Extracted records:
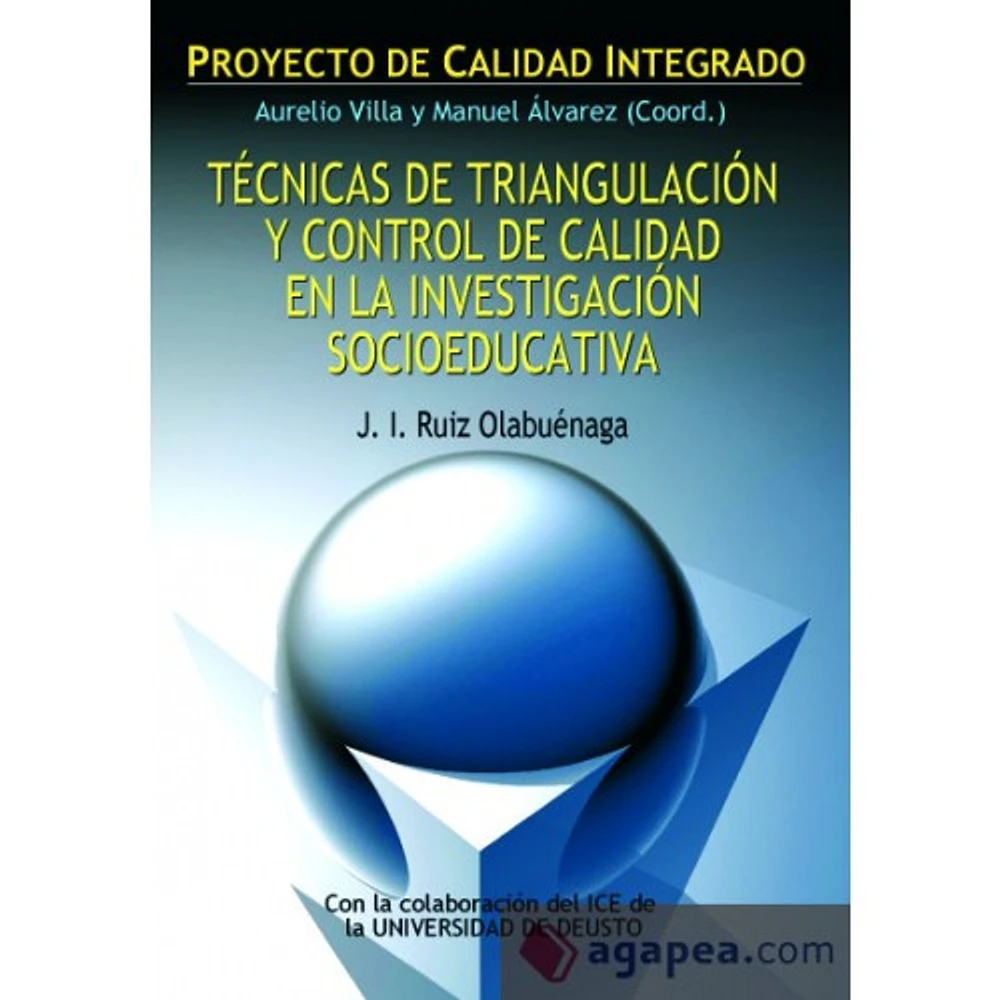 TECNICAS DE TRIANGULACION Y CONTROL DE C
* * *
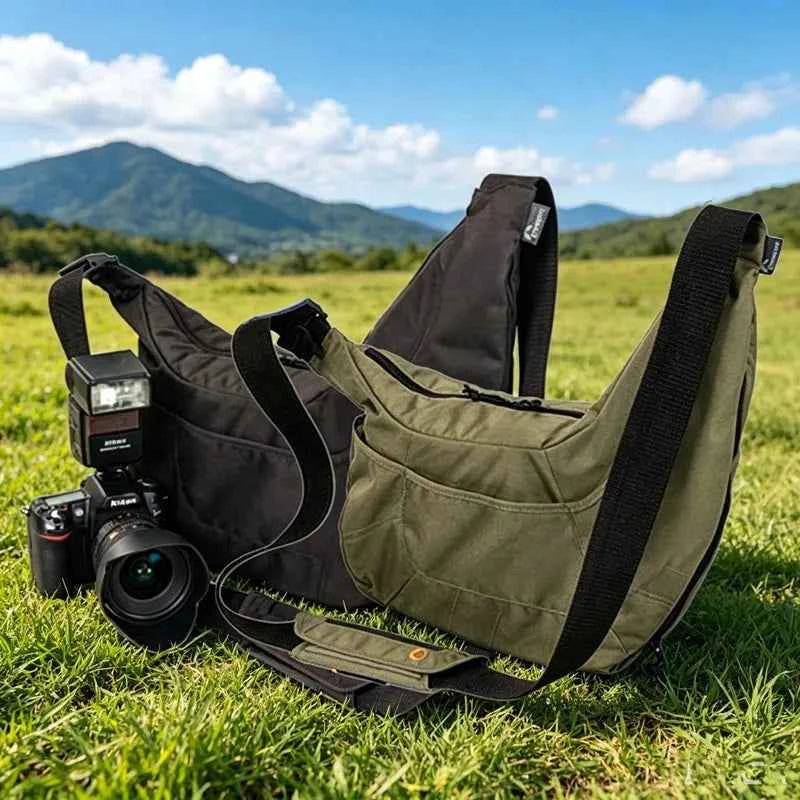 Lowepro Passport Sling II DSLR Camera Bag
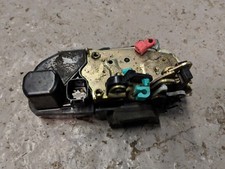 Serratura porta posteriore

Work instructions:
The output is the stretch above from the line with "Lowepro Passport Sling II DSLR Camera Bag" through the line with "Serratura porta posteriore", copied word for word with both ends kept and every picture dropped.

Result:
 Lowepro Passport Sling II DSLR Camera Bag
 Serratura porta posteriore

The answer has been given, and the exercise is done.